Hotpatch first establishes a baseline with the current Cumulative Update for Windows Server. Every three months, the baseline periodically refreshes with the latest Cumulative Update. You then receive Hotpatch releases for the next two months after the Cumulative Update.

Hotpatch critical updates are auto-installed successfully.

Now, how is the baseline update on a Hotpatch-enabled VM supposed to be installed in Azure?

• Is it installed automatically or does it require manual installation?

• If manual, what is the correct process to install it?

Following are the screenshots from my Hotpatch-enabled VM (Windows Server 2022 Datacenter Azure edition),

• The baseline update KB5055526 as per the screenshot below was published on April 7th at 11:00 PM CST User's image

• The last Azure auto update job ran on April 7th at 9:42 PM CST, just before the baseline was published.

User's image

• It has now been over 10 days, and the baseline still hasn’t been auto-installed.
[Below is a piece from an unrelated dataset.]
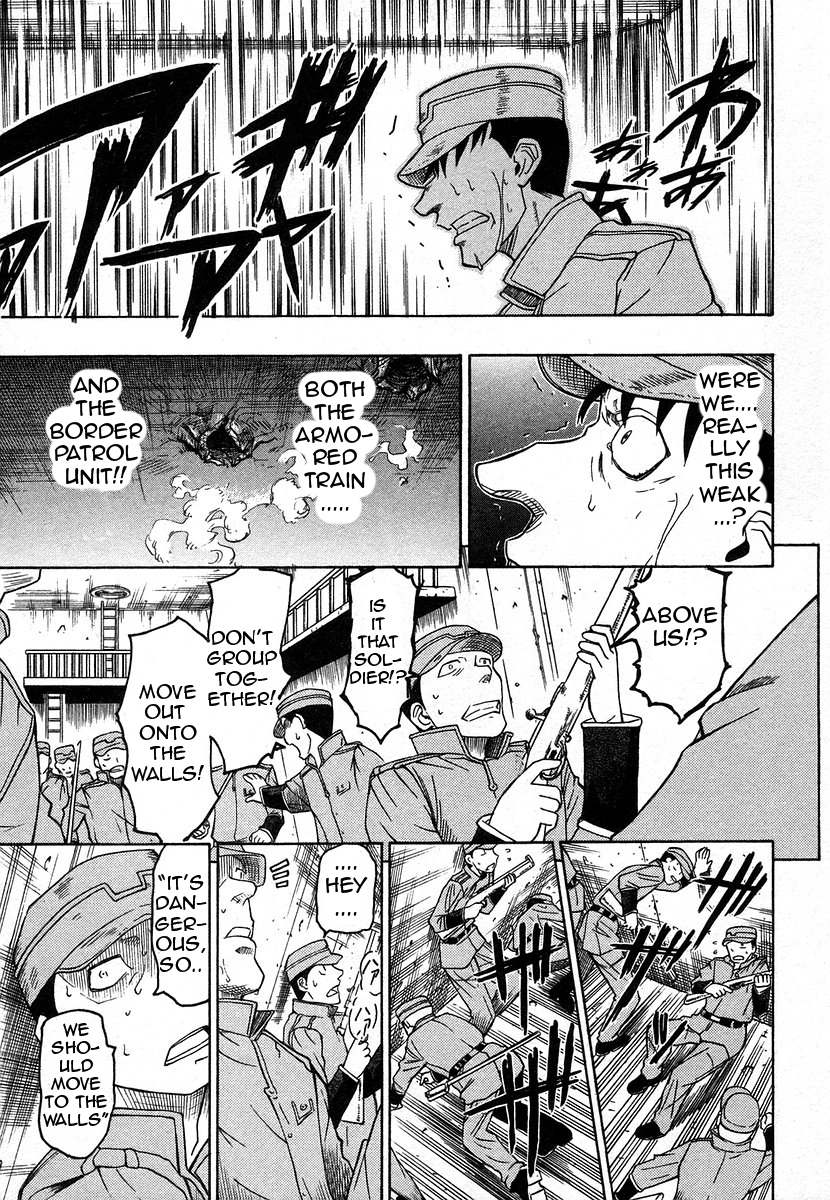 Pumpkin Scissors Chapter 32 page 34 - Chapter 32: Those That Inflict the Finishing Blow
We are assuming the next auto update cycle will address this, but we're unsure if that will happen within a specific SLA or timeline (e.g., 30 days?).

What We Have Observed:

In one of our VMs, we manually installed the required baseline update and rebooted it.
However, after doing this, the Azure Portal shows a MissingRequiredBaseline warning.

User's image

We are concerned that this might mean the VM is no longer eligible to receive future hotpatch updates. Is that correct?
In one of our other VMs, we manually installed all the pending updates including baseline and performed a reboot, but that VM also went into a MissingRequiredBaseline state.
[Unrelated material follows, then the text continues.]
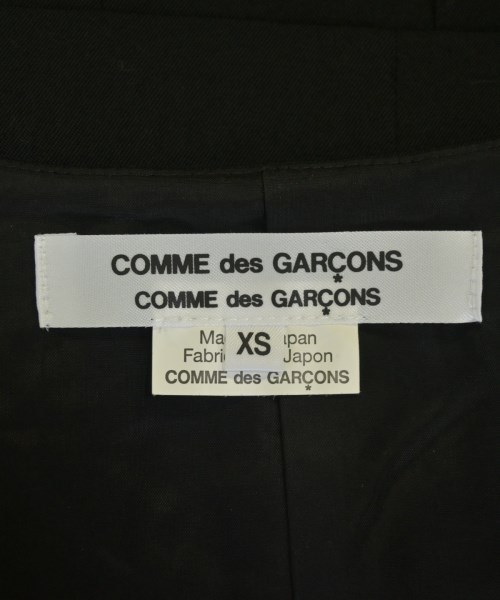 COMME des GARCONS COMME des GARCONS（コムデギャルソンコムデギャルソン）ワンピース 黒 サイズ:XS レディース/2200705803014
We are waiting to see if the next auto patch job will clear this warning and restore normal hotpatch readiness?

Request:

Please confirm the following:

Whether baseline updates are expected to install automatically (and when)?
Whether manual installation impacts hotpatch readiness state (MissingRequiredBaseline)?
What we can or should do to ensure the VM is in a healthy state to receive future hotpatch updates?

Thanks for your help!

Akshay kumar Mandha 3,160 Reputation points Microsoft External Staff Moderator

2025-04-21T06:59:32.58+00:00

Hi ndsisg,
Based on your query,
I understand your concern, that you are facing the issue.
When it comes to baseline updates for Hotpatch-enabled Azure VMs, they are designed to install automatically as part of Azure’s patching process. However, in your case, it seems the timing might have caused a delay for example, the auto-update job might have run just before the baseline update was published. While this specific situation is not directly mentioned in the documentation, Azure generally addresses these kinds of delays in the next update cycle.
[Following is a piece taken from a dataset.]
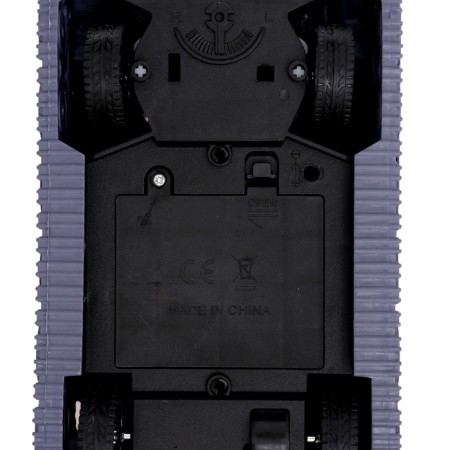 Radio -controlled “Victory” tank, works on batteries, the color is gray-3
Now, about manually installing baseline updates and rebooting the VM doing this can sometimes trigger the MissingRequiredBaseline state. This happens because Azure’s system may not be able to validate the manual installation properly. This could temporarily affect the VM’s ability to get future Hot patch updates. Again, while this exact behavior isn’t explicitly mentioned in the documentation, it aligns with Azure’s recommendation to let its automated patching handle updates, as manual updates can disrupt the system’s workflow.
ndsisg 20 Reputation points

2025-04-21T09:57:06.02+00:00

Hi @Akshay kumar Mandha ,

MissingRequiredBaseline state occurs even with the Azure auto-update job as I mentioned in my update 4/20/2025. Confirmed this with multiple VMs. So, it doesn't matter if we install manually or let Azure install automatically, this warning state occurs!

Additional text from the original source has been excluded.